Creating a Home Directory for a Local User at a Server
Creating a Custom Home Directory
Automatically Mounting Share Points for Clients
Setting Up an Automountable AFP Share Point for Home Directories

UPDATE:
A fellow SysAdmin and blogger, Nigel, from mind the explanatory gap (one of my systems faves) has some beefs with this article, and shares some of his own experiences which are quite contrary to what I've reported. Just to be clear, this article reflects my own experiences, and there's a bit more to my own scenario than I shared in the article, mainly because I didn't think the details were important. They may be, and I discuss it at greater length in my response to Nigel's comment. Thanks, Nigel, for keeping me on my toes on this one.

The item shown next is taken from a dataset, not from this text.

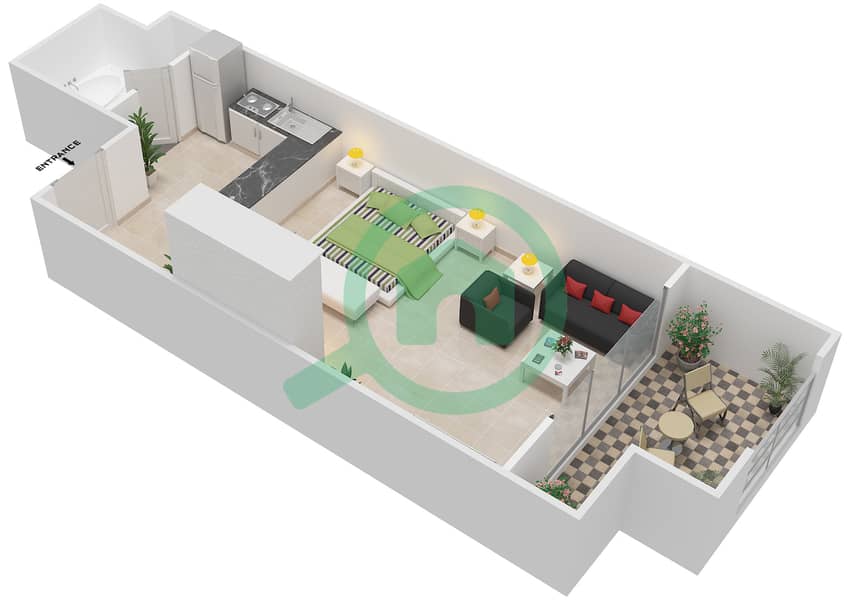 المخططات الطابقية لتصميم النموذج B1 شقة استوديو - خليج ماربيلا- غرب interactive3D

I'm not really sure what's going on here, but if I get to the bottom of it, I'll certainly report about it, either here or in a follow up post. But please read the comments for the full story, as there's really a lot missing in the article, and things start to get clearer in the comments.

Three Platforms, One Server Part 11: From the BDC to the lookupd

Well, I did not have time to test my replica on Windows clients. I did, however, set up my BDC (Backup Domain Controller) on said replica and re-bind my Windows clients to the new master server once the replica was in place. Oddly, after doing so, Windows logins got a bit sketchy: sometimes they worked, sometimes not. I just figured it was a fluke and would go away. (Yes, that's my version of the scientific method. But that's the suck thing about intermittent problems. Very hard to track, or even — as in this case — be sure they exist.) Anyway, today the Windows login flakiness persisted, and was starting to really be a problem. So I investigated. A good friend and colleague recommended I check Windows' Event Manager (which I did not know about — hey, I'm still new at Windows — until today). There I saw messages that referenced problems connecting to the replica, which shouldn't have been happening. Thinking this might have something to do with the login problems, I turned off Windows services on the replica. Sure enough, Windows logins immediately began working perfectly. I had only two Windows services running on the replica: the BDC, which is supposed to provide domain controller failover should the PDC (the Primary Domain Controller on the master server) cease to function; and Windows file sharing, which hosts a backup of our Windows roaming profile drive. I'm not sure which service caused the problem as I simply stopped all services. So when I get a chance I will test each service individually and see which is the culprit. Hopefully it's the file sharing, because if we can at least keep the BDC running, we have some authentication failover: in the event of a master failure, users would still be able to log in, though their roaming profiles would be temporarily unavailable. If it's the BDC causing problems, then we effectively have no failover for Windows systems, which would blow big, shiny, green chunks. If that's the case, I give up. Yup, you heard me. I give up. With no clues, failing patience, a serious lack of time, and no good time to test it, I'd pretty much be giving up on the BDC, at least until I got some better info or until the winter break. Or both. For all I know, this is a bug in Tiger Server.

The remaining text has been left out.